COLUMBUS, Wis.— The U.S. housing market is bracing for what could be its steepest correction in more than a decade, as swelling inventories, slumping demand, and rising distress signals point to years of declining prices, according to a stark new outlook from Michael Eisenga, CEO of First American Properties.
“Home prices across the nation are entering a prolonged period of downward adjustment,” said Eisenga. “What we’re seeing is not just a temporary slowdown—it’s the beginning of a broader recalibration that could last for years.”
Housing inventory has jumped nearly 30% year-over-year, while transaction volumes have hit record lows during what are typically peak sales seasons, indicating softening demand, Eisenga said.
Distressed and motivated selling are on the rise. An increasing number of homeowners, including those previously holding out, are now listing their properties amid rising delinquency rates reminiscent of pre-2008 indicators. There are projected home price declines, Eisenga said.
A national average decline of approximately 5% is expected by early 2026 if current conditions persist, Eisenga noted.
Longer-term, cumulative declines could reach 25–45% over the coming years before the market stabilizes, he said.
Eisenga said industry forecasts suggest a broad 9% drop in home prices next year, with certain high-growth regions potentially seeing sharper corrections.
With rate buydown programs expiring and growing burdens from taxes and insurance, more households face financial strain, pushing some toward foreclosure or urgent sales, Eisenga added.
Markets in Florida, Texas, and parts of California face excessive inventory, worsening the imbalance between supply and demand.

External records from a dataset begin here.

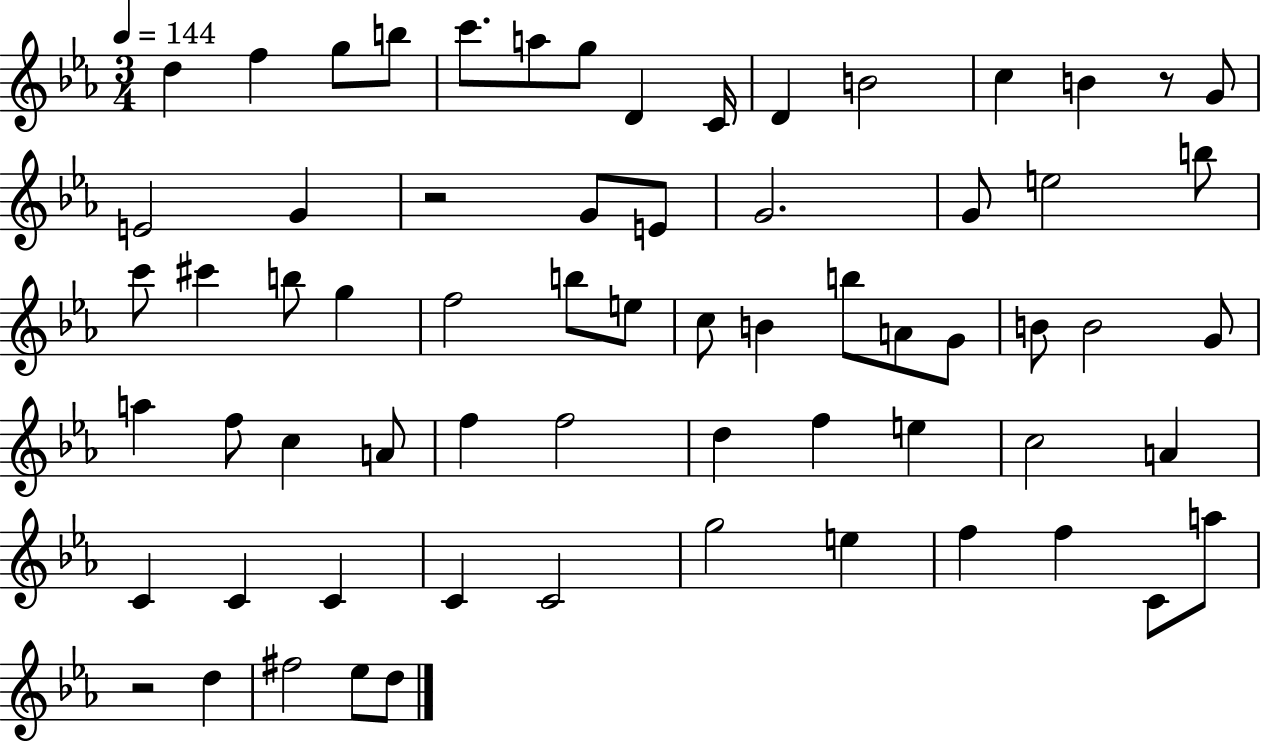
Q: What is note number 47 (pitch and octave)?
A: C5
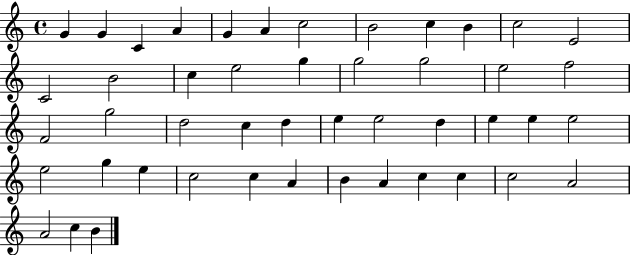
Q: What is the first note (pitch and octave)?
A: G4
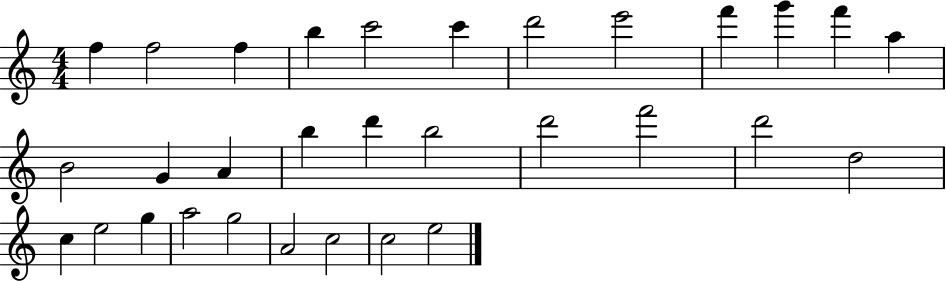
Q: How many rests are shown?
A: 0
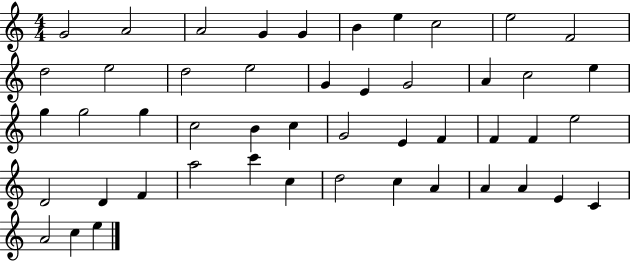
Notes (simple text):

G4/h A4/h A4/h G4/q G4/q B4/q E5/q C5/h E5/h F4/h D5/h E5/h D5/h E5/h G4/q E4/q G4/h A4/q C5/h E5/q G5/q G5/h G5/q C5/h B4/q C5/q G4/h E4/q F4/q F4/q F4/q E5/h D4/h D4/q F4/q A5/h C6/q C5/q D5/h C5/q A4/q A4/q A4/q E4/q C4/q A4/h C5/q E5/q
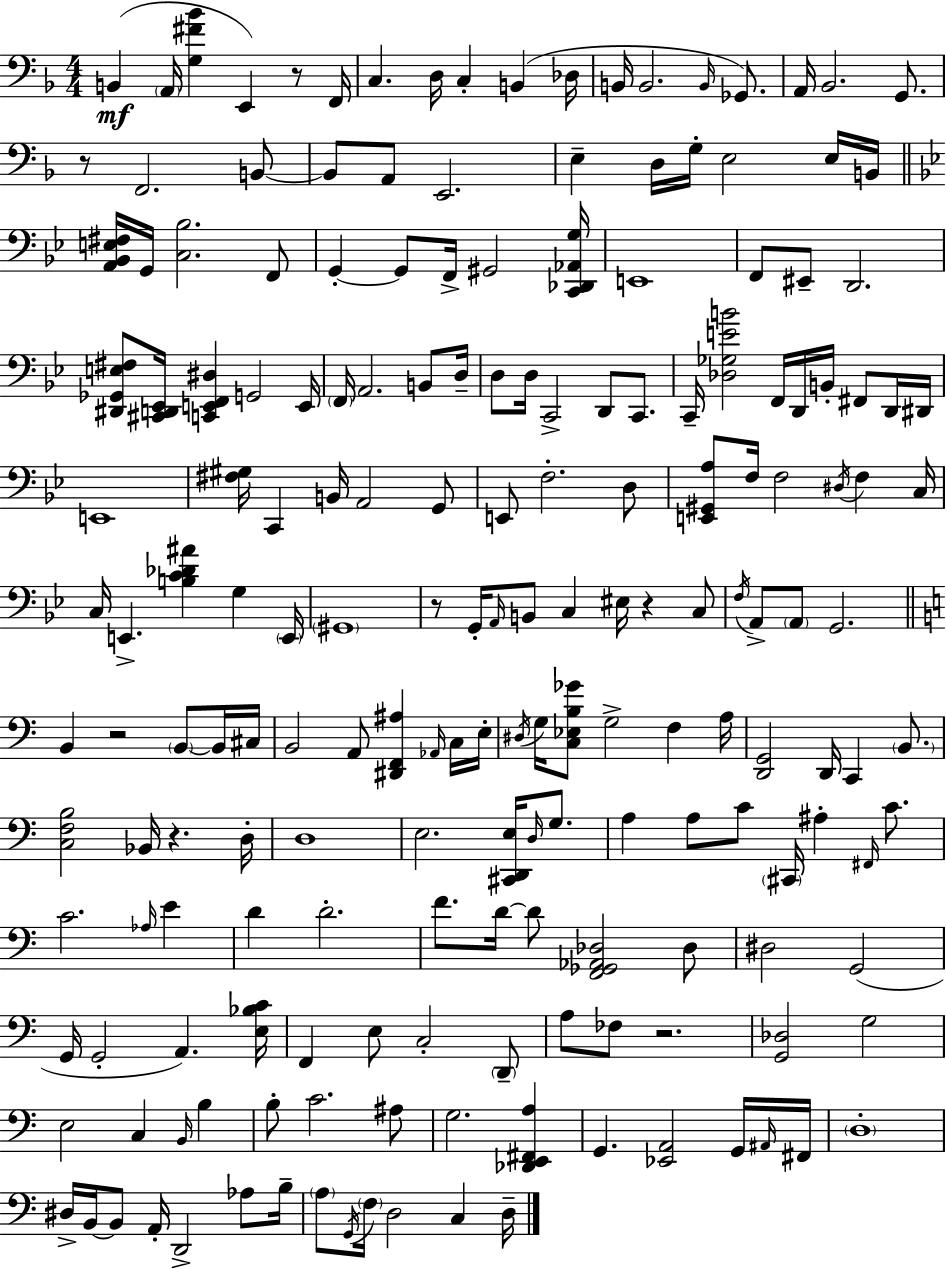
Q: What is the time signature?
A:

Demographic pressures and investor dynamics, aging Baby Boomers offloading properties, combined with increasing institutional ownership, are reshaping the housing landscape—reducing affordability and traditional entry points for first-time buyers, Eisenga said.
Eisenga emphasized the U.S. housing market is undergoing a structural correction—not merely a cyclical dip.
“This is may not end up being 2008 all over again, but it’s not a soft landing either,” he added. “Stakeholders across the board, whether buying, selling, or lending must remain cautious and prepare for sustained headwinds.”